## EXERCISE OBJECTIVE
Among the lines below, output only those between the line holding "Raiders Black and" and the line holding "إشارة مرجعية مع", inclusive, exactly as written and with no pictures.

## INFORMATION GIVEN
◆ ◆ ◆ ◆

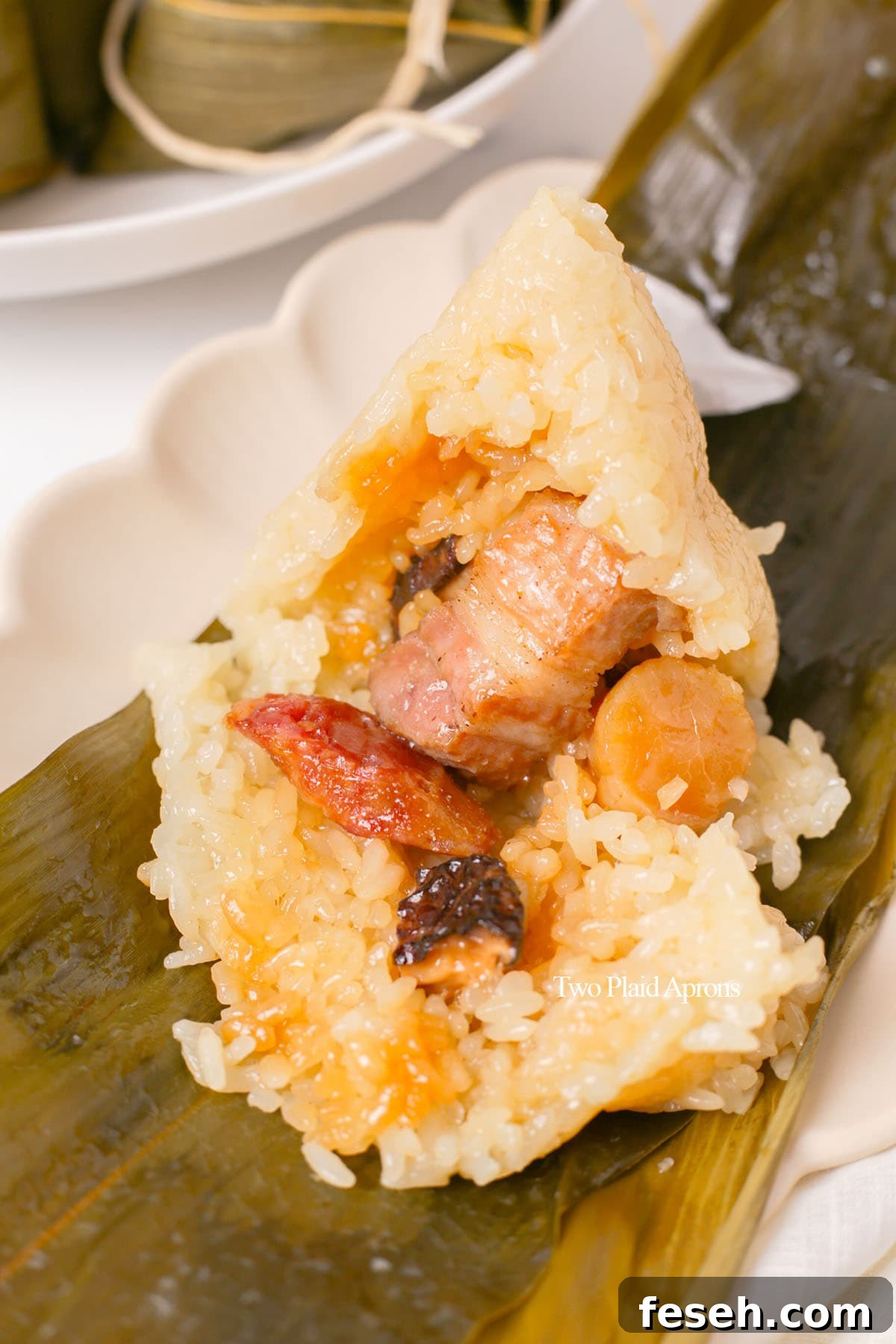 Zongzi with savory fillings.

◆ ◆ ◆ ◆

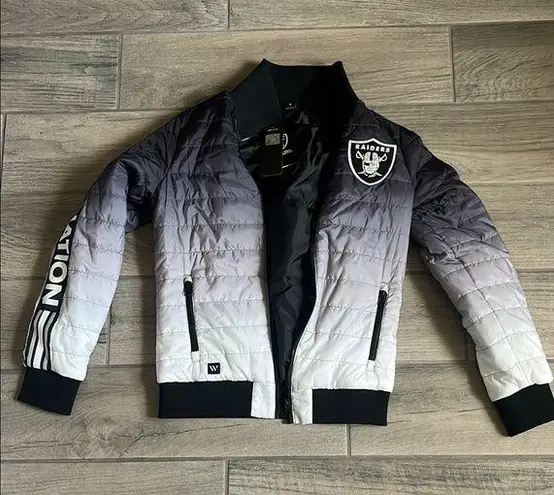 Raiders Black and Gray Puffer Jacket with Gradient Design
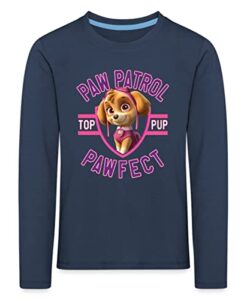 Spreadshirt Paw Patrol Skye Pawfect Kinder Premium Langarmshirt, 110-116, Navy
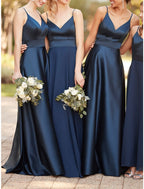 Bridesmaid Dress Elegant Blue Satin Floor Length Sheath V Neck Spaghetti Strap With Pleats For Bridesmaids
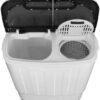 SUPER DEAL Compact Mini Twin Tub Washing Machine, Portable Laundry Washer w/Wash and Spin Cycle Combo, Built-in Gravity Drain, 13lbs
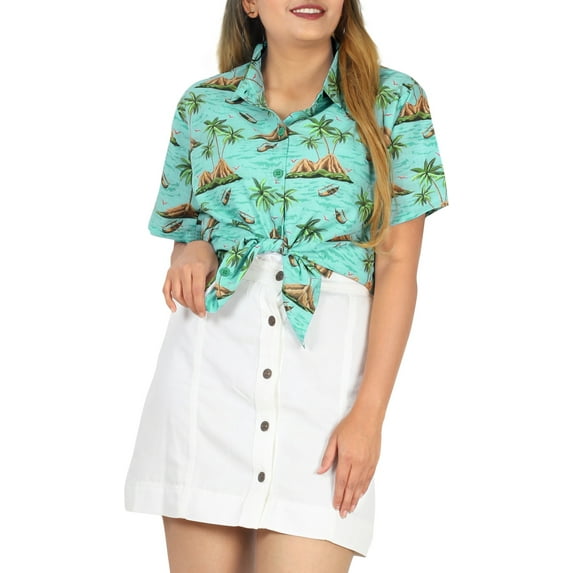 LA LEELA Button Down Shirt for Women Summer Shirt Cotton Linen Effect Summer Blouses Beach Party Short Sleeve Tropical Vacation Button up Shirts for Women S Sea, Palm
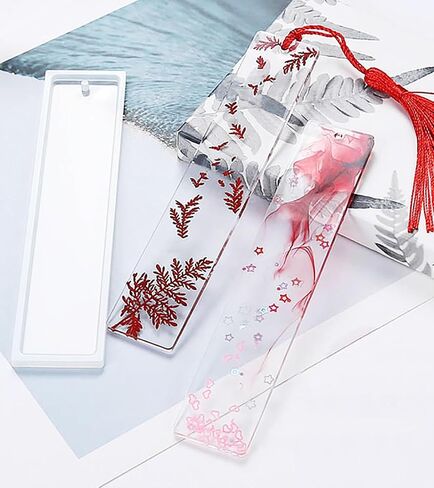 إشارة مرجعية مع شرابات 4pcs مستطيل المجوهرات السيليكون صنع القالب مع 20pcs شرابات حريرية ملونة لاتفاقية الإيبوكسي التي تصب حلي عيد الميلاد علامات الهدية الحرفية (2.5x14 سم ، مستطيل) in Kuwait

◆ ◆ ◆ ◆

## OUTPUT FOR THIS TASK
 Raiders Black and Gray Puffer Jacket with Gradient Design
 Spreadshirt Paw Patrol Skye Pawfect Kinder Premium Langarmshirt, 110-116, Navy
 Bridesmaid Dress Elegant Blue Satin Floor Length Sheath V Neck Spaghetti Strap With Pleats For Bridesmaids
 SUPER DEAL Compact Mini Twin Tub Washing Machine, Portable Laundry Washer w/Wash and Spin Cycle Combo, Built-in Gravity Drain, 13lbs
 LA LEELA Button Down Shirt for Women Summer Shirt Cotton Linen Effect Summer Blouses Beach Party Short Sleeve Tropical Vacation Button up Shirts for Women S Sea, Palm
 إشارة مرجعية مع شرابات 4pcs مستطيل المجوهرات السيليكون صنع القالب مع 20pcs شرابات حريرية ملونة لاتفاقية الإيبوكسي التي تصب حلي عيد الميلاد علامات الهدية الحرفية (2.5x14 سم ، مستطيل) in Kuwait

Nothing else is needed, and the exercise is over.